• _TASK OBJECTIVE_
The data below should be restated word for word, with every picture omitted.

• _MATERIAL PROVIDED_
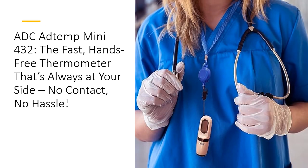Ideal for healthcare pros and parents alike, the AddTemp Mini 432 combines ADC's commitment to quality with ergonomic design. Founded on inclusivity and care, ADC has been crafting superior diagnostic tools for over 40 years. Experience the reliability trusted by clinics, hospitals, and homes alike. Get your ADC AddTemp Mini 432 today and turn every temperature check into a quick, seamless process.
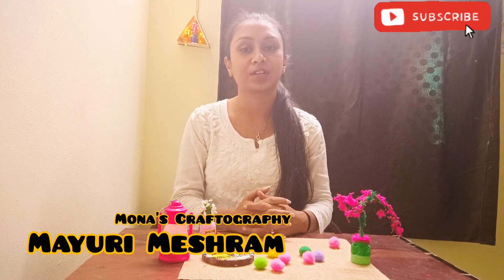Hey hello guys, welcome back to my channel. My name is Jumei and you are watching Mona's Craftrography. Today's video is going to be very good, you should watch this video.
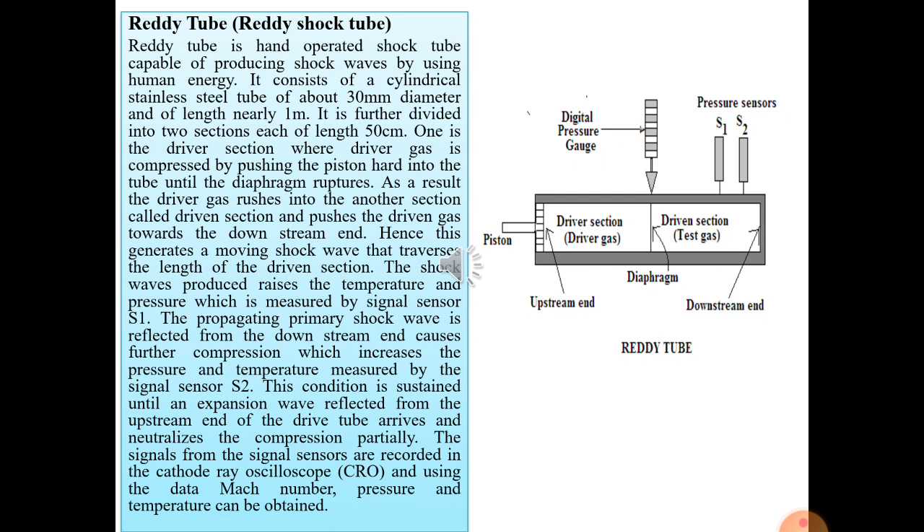Dear students, we have seen almost all the concepts of shockwaves in our classes and the only concept left behind in this chapter is the ready tube, primarily called the ready shock tube. The ready tube is a hand-operated shock tube capable of producing shockwaves using human energy.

• _YOUR RESPONSE_
Ideal for healthcare pros and parents alike, the AddTemp Mini 432 combines ADC's commitment to quality with ergonomic design. Founded on inclusivity and care, ADC has been crafting superior diagnostic tools for over 40 years. Experience the reliability trusted by clinics, hospitals, and homes alike. Get your ADC AddTemp Mini 432 today and turn every temperature check into a quick, seamless process.
Hey hello guys, welcome back to my channel. My name is Jumei and you are watching Mona's Craftrography. Today's video is going to be very good, you should watch this video.
Dear students, we have seen almost all the concepts of shockwaves in our classes and the only concept left behind in this chapter is the ready tube, primarily called the ready shock tube. The ready tube is a hand-operated shock tube capable of producing shockwaves using human energy.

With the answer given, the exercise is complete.